(Image-caption web data)
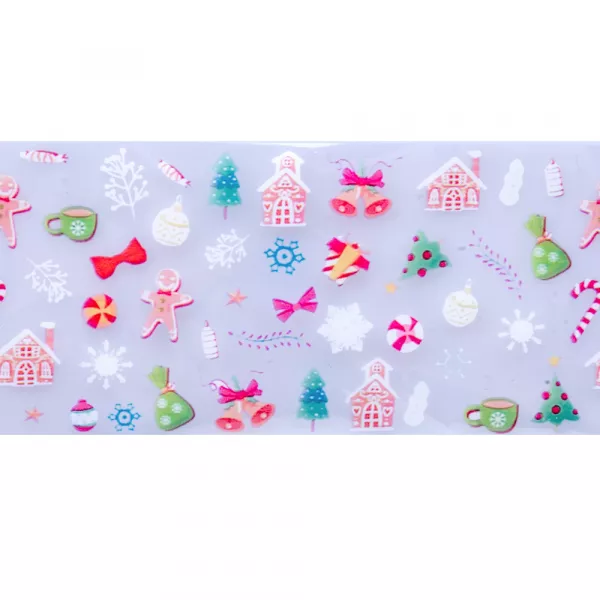 Set folii de transfer Lila Rossa, Christmas Collection, 10 buc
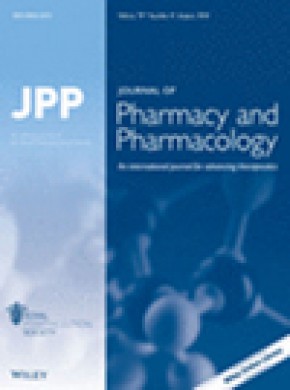 Journal Of Pharmacy And Pharmacology杂志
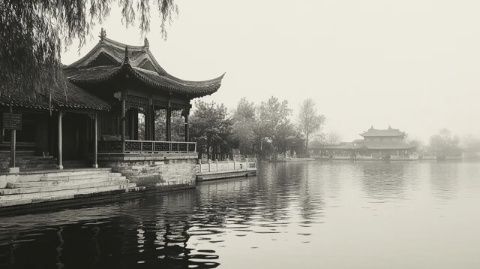 株洲古稱建寧：建寧風景亭閣一道美麗的江景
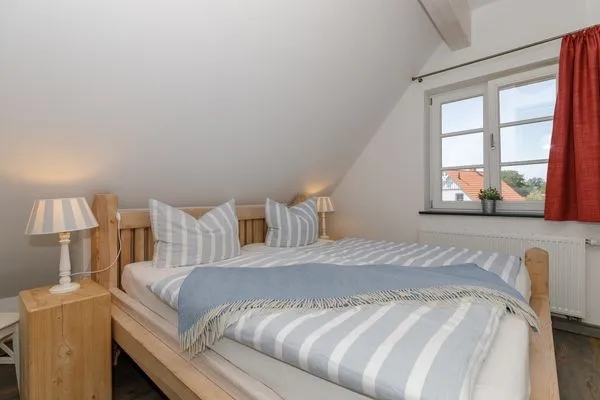 Schlafzimmer  Ferienhaus Haff & Meer
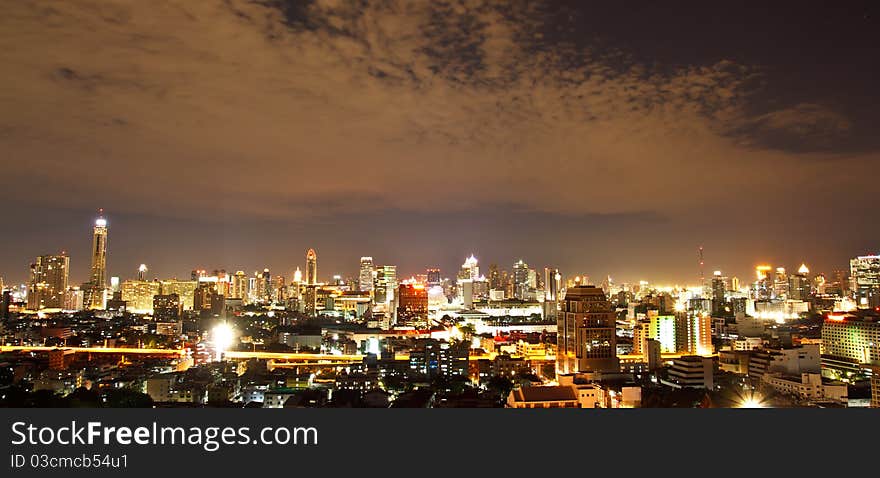 City At Night, Bangkok,Thailand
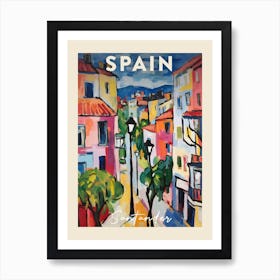 Santander Spain 6 Fauvist Painting Travel Poster Art Print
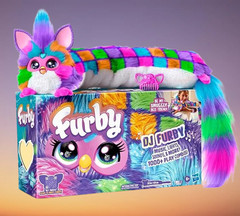 Furby DJ Neon Star 32″ Interactive Toy, Lights/Motion, Speaks English/Furbish
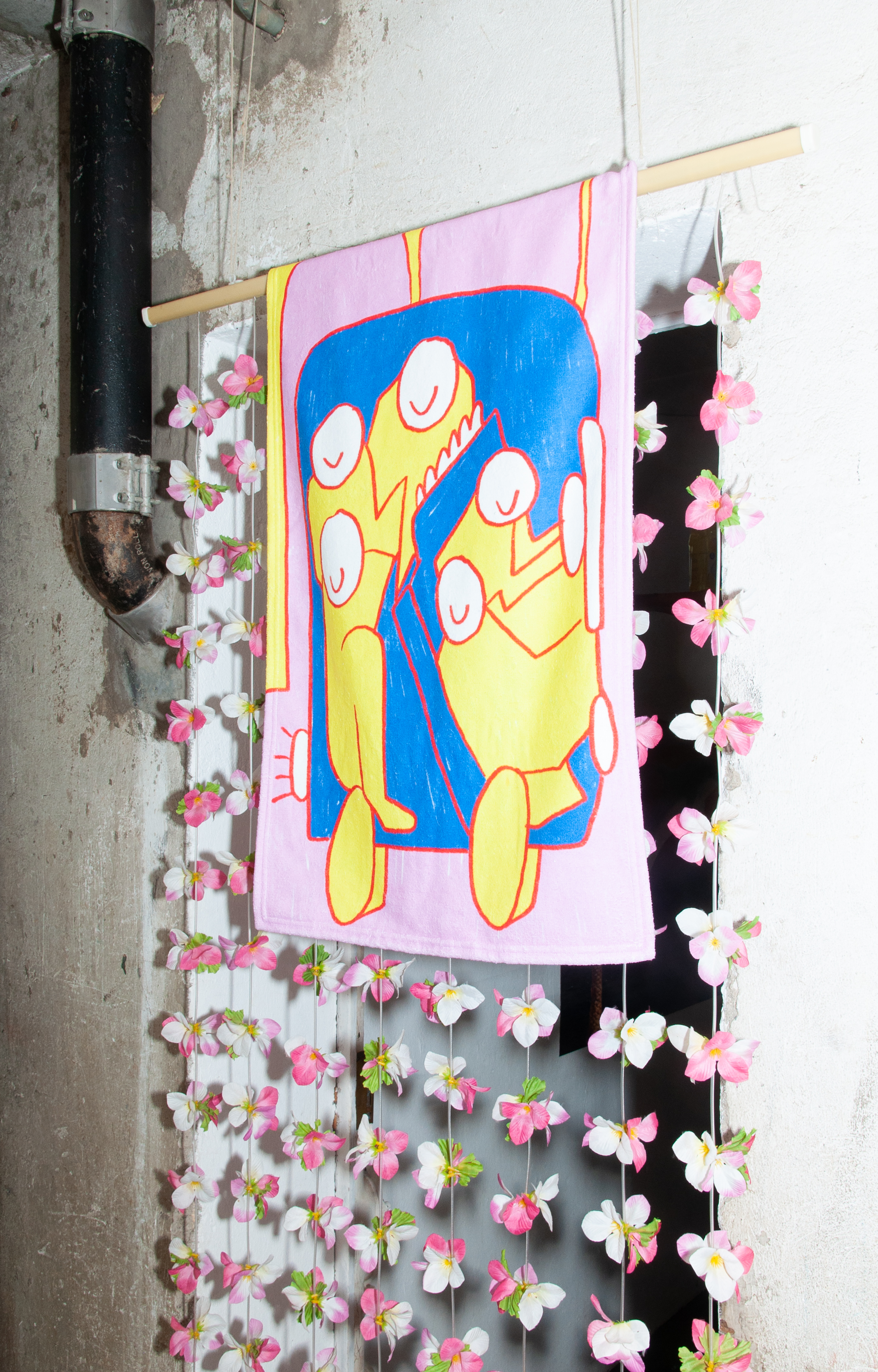 CC:Zine #2 – Ich kann das Meer sehen!, Badetuchserie, 50x100cm, 2022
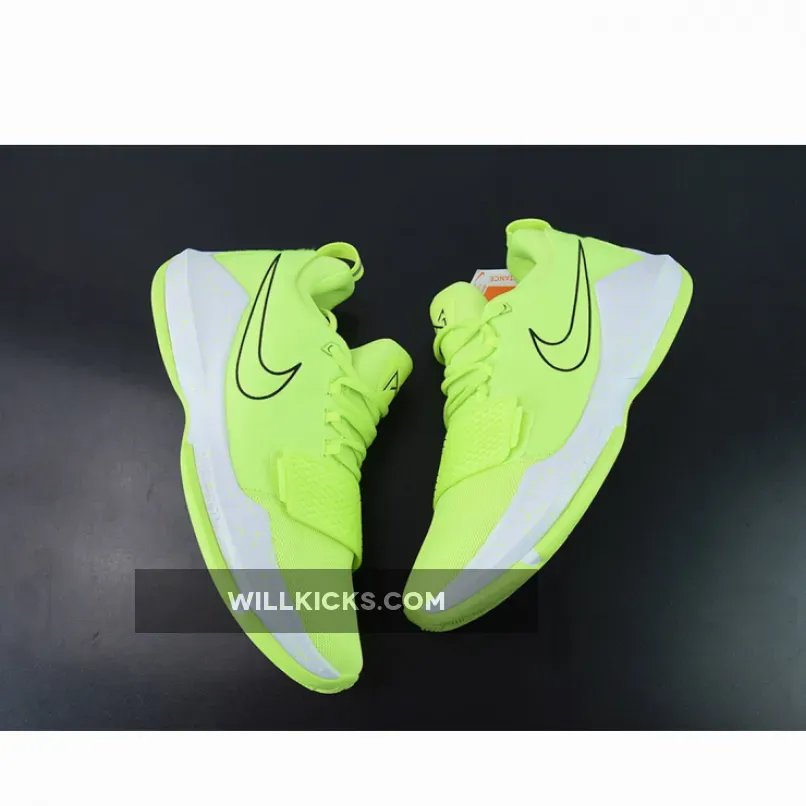 Nike PG 1 Volt/Black-White 878628-700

WORK REQUEST => Write out every entry above exactly as it stands, minus the pictures.

RESPONSE BELOW =>
 Set folii de transfer Lila Rossa, Christmas Collection, 10 buc
 Journal Of Pharmacy And Pharmacology杂志
 株洲古稱建寧：建寧風景亭閣一道美麗的江景
 Schlafzimmer  Ferienhaus Haff & Meer
 City At Night, Bangkok,Thailand
 Santander Spain 6 Fauvist Painting Travel Poster Art Print
 Furby DJ Neon Star 32″ Interactive Toy, Lights/Motion, Speaks English/Furbish
 CC:Zine #2 – Ich kann das Meer sehen!, Badetuchserie, 50x100cm, 2022
 Nike PG 1 Volt/Black-White 878628-700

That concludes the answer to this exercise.